Microsoft's communication about this problem was very lacking. They did not notify us at Deepgram. Only when we went to file a support ticket (when our own 'canary' type systems that live in our own datacenter were telling us something was wrong with our cloud GPU machines) were we given information on the problem.

The notice read:

"[Microsoft Azure customers] may experience difficulties connecting to resources hosted in this region. Engineers have isolated an issue with cooling in one part of the data center, which caused a localized spike in temperature, as the preliminary root-cause, which has now been mitigated. Automated data center procedures to ensure data and hardware integrity went into effect when temperatures hit a specified threshold and critical hardware entered a structured power down process.  Engineers are now in the process of restoring power to affected devices as part of the ongoing mitigation process."


Attempts to contact Azure by phone have not been fruitful.

This hits A.I. companies particularly hard because Azure was the first to offer good GPUs (like the Tesla P100) available for general use in a large cloud compute provider. Companies looking to train and host their inferencing engines on GPUs flocked to Azure during their release and are still hosting critical infrastructure there. 

Now companies use Azure for training or inference as a key piece of infrastructure.

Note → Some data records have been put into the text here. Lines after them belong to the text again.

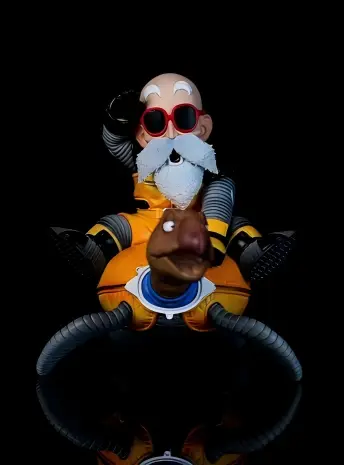 Dragon Ball WCF Astronaut Master Roshi & Turtle Statue – League Studio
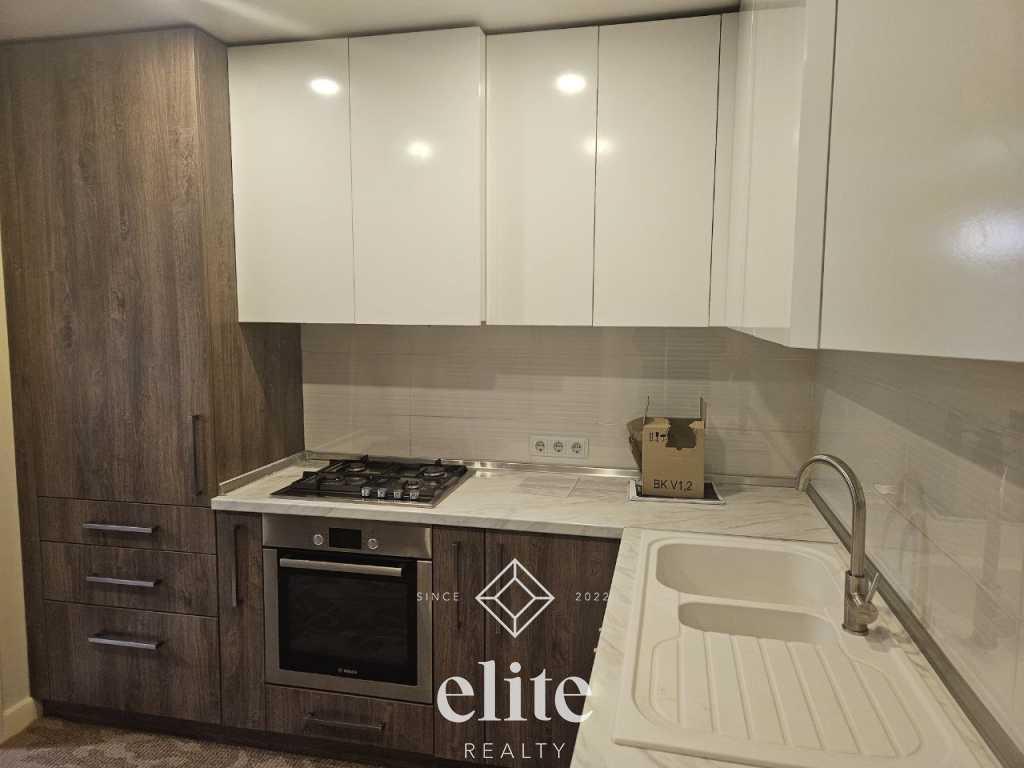 elite realty image
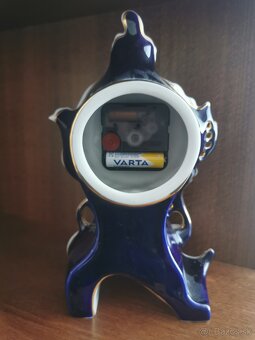 Royal Dux-porcelánové hodiny, funkčné - 6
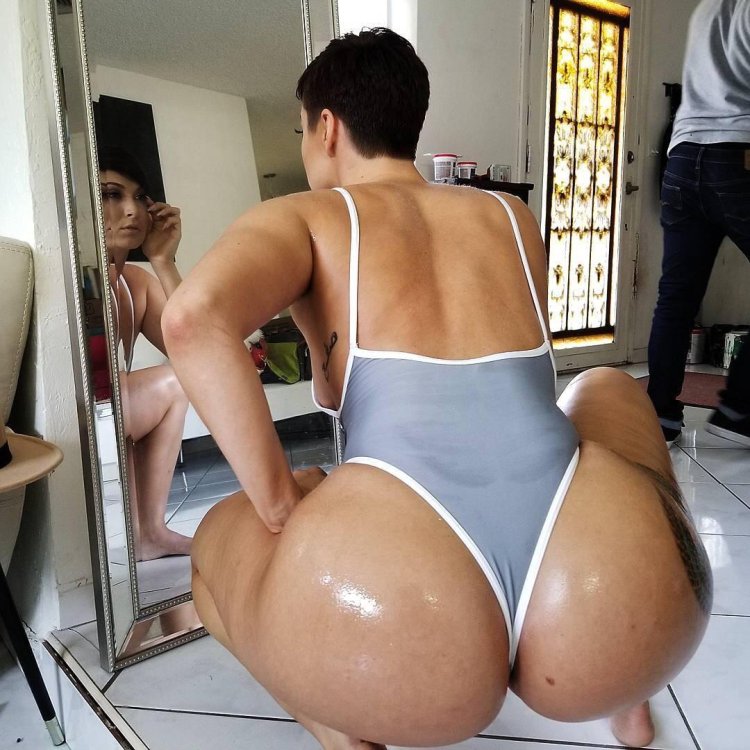 Kim Kardashian naked in oil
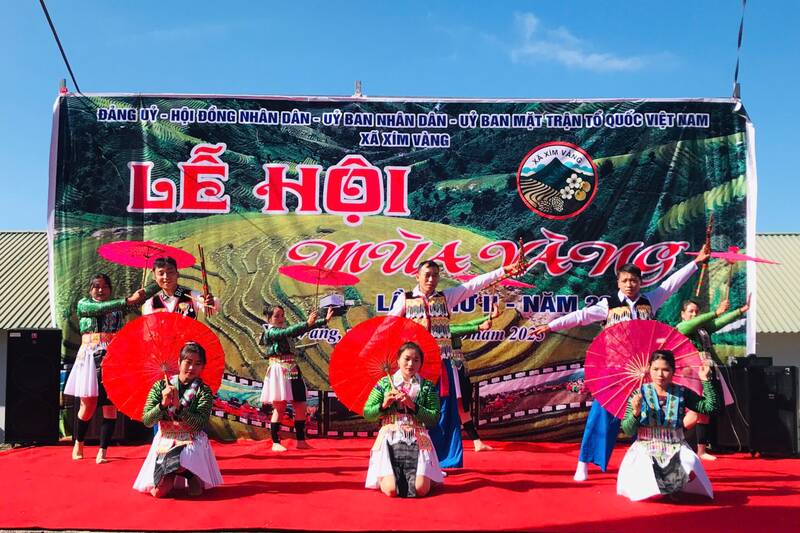 Mot tiet muc van nghe tai Le hoi mua vang. Anh: Truong Son
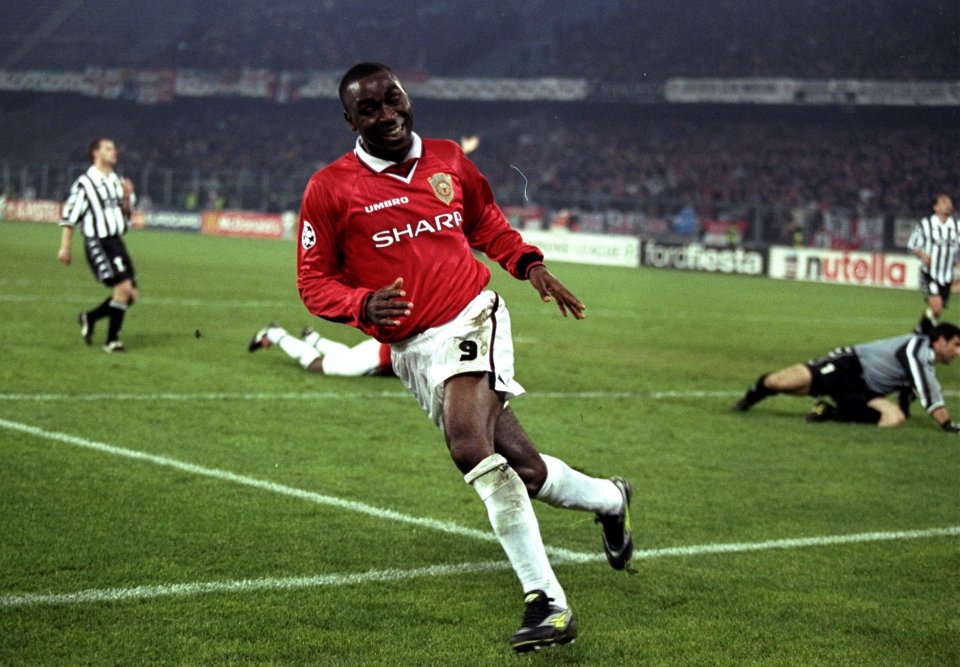 21 Apr 1999: Andy Cole of Manchester United wheels away in delight after scoring the winner in the UEFA Champions League semi-final second leg match against Juventus at the Stadio delle Alpi in Turin, Italy. United won 3-2 on the night to go through 4-3on aggregate. Mandatory Credit: Mike Hewitt /Allsport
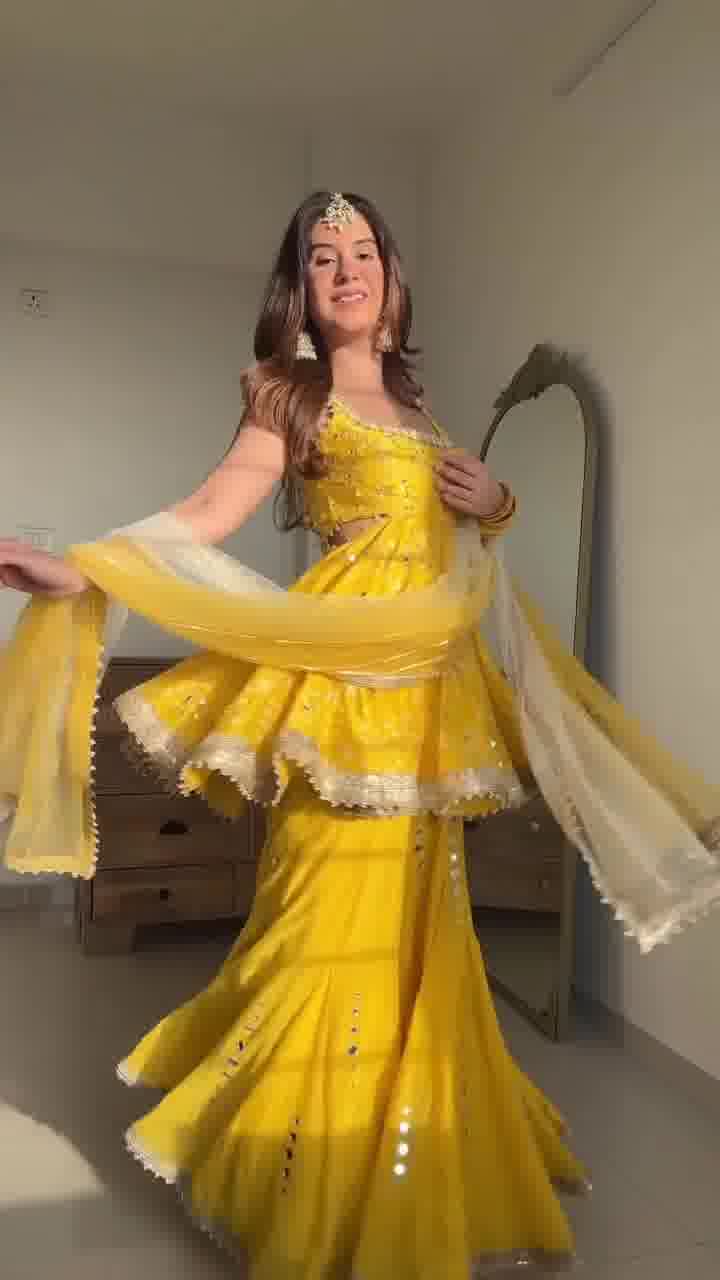 Vaani Traditional Salwar Suit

Deepgram uses Azure cloud GPUs for large scale inferencing [that's the part where you make a machine guess "what did someone say in an audio recording?", or for images "what is in an image, or for translation "what would these words be translated to in another language?".

We are starting to see relief from the outage as I write this post, but we aren't out of the woods yet (as of: Tue Sep  4 14:31:22 PDT 2018). More updates to come.


Update Tue Sep  4 15:03:02 PDT 2018:
We have restored partial service. Things have been stable for 15 minutes. Looking good for getting ramped back up but not out of the woods yet.

Update Tue Sep  4 15:03:02 PDT 2018: 
Partial service still restored but outages still prevalent. Azure's status page even has problems.


Wed Sep  5 14:30:49 PDT 2018:
Partial service still restored but short outages still prevalent.

It's been over 36 hours and South Central is still in bad shape.